As we pulled in to Philadelphia, he asked me what time it was; I checked my phone and told him the train was a few minutes early. He asked if maybe my phone was early, and I had to tell him that it didn't work that way. It's a phone; it's never early or late. It always knows exactly what time it is. Of course, he'd had a cell phone before he went to Lewisburg — he knew exactly how they worked — but after four years inside, he'd gotten used to a less centralized version of time, abiding by a dozen different analog clocks that never quite synced up. For centuries, that's how time worked, and in some corners of the world, it still works that way.

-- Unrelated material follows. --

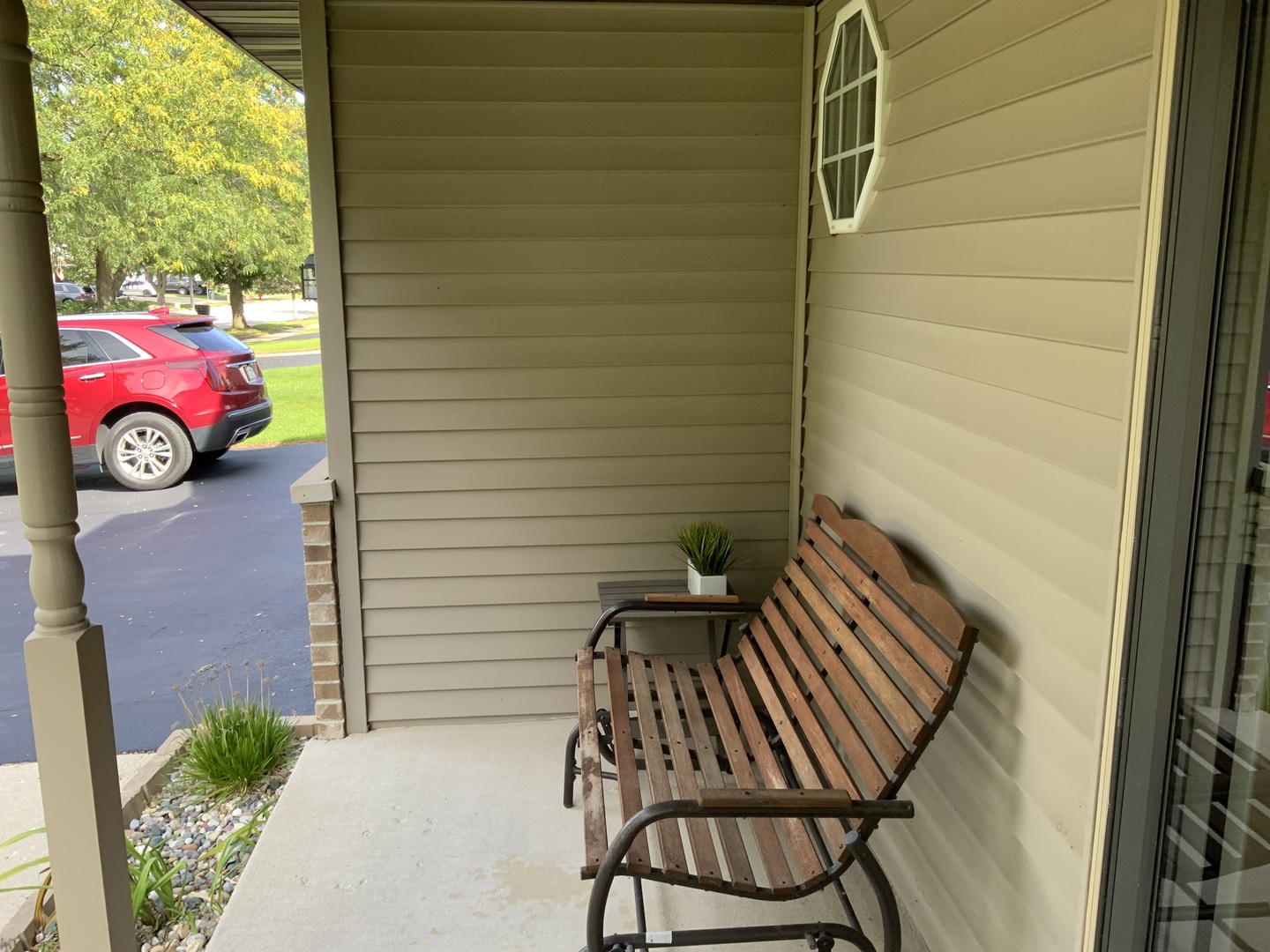 908 Addleman Street Property Photo 3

In 2015, an accurate clock is one that's always connected

In 2015, an accurate clock is one that's always connected to the larger grid — an idea that the Apple Watch carries to its furthest extreme. The precise details of the hardware are still unclear (it’s still Apple, after all), but the press materials boast accuracy within 50 milliseconds of the global time standard, "the same precision found in GPS satellites." (As a footnote reminds us, that depends on regular syncing with the iPhone.) The most accurate route would be to connect directly and continuously to the GPS satellites, which get their time directly from the atomic clocks at the US Naval Observatory, but that would drain the battery too quickly. An indirect route is more likely, saving battery life by connecting periodically to through the iPhone to an Apple server that’s tuned to the atomic clocks. That cuts the accuracy down a little, but you’re still dealing with a fraction of the blink of an eye (roughly one-sixth, for those keeping score).

But how precise is the Apple Watch’s internal clock when it doesn’t have a connection to some of the world’s most accurate time-keeping systems? It's difficult to say. Apple's page talks about "multiple technologies" in addition to connectivity, which will almost certainly make the watch more precise than the iPhone, but it's something of a moot point. If some sort of Butlerian Jihad took out all the time-keeping satellites and servers, your Apple Watch would be useless anyway. This is how all smartwatches work. Virtually every function of the device derives from its connection to the larger network, starting with your phone and ending with the servers that store your email and process your health data. Why would keeping time be any different?

Typically, watches focus on precision rather than accuracy

There are already watches on the market that occasionally synchronize with the world’s atomic clocks by shortwave or GPS signal, but they’re relatively rare, and the Apple Watch is already one of the most prominent devices to keep time by tethering to an outside server. Typically, watches focus on precision rather than accuracy, counting out as exact a second as possible. Perhaps you're in sync with the rest of the world, perhaps you're a few seconds fast — but your time is as internally consistent as possible, with as much claim to legitimate time as anyone. Perhaps you're not a few seconds fast, and it's the rest of the world that's a few seconds slow. It's not an issue of true and false, just equally precise clocks running slightly out of phase, performing the passage of time rather than measuring it.

This is a forgiving way of thinking about time — allowing for whole minutes to slip by in the gap between one person's sense of time and another's — and it’s closer to how we perceive it in our everyday lives. Time perception studies show all sorts of minor distortions. Have a glass of wine, and time will start to pass more quickly. A cup of coffee (or enough excitement to raise your dopamine levels), and the seconds will tick by more slowly. Our mental clocks are unpredictable, and it's rare that they're perfectly synced to the people around us. It's stressful to keep them aligned, whether it's a tight deadline or a rigidly timed lunch hour. We'd rather live on our own time.

Still, if the fight is between loose clocks and tethered ones, the tether's clearly winning. The global time standard is everywhere, and it’s easier than ever to connect to it. Systems like GPS need that precision: a few nanoseconds’ delay in a GPS satellite translates to a location that’s off by as much as a car’s length. What’s surprising is that the rest of us are already coming along for the ride.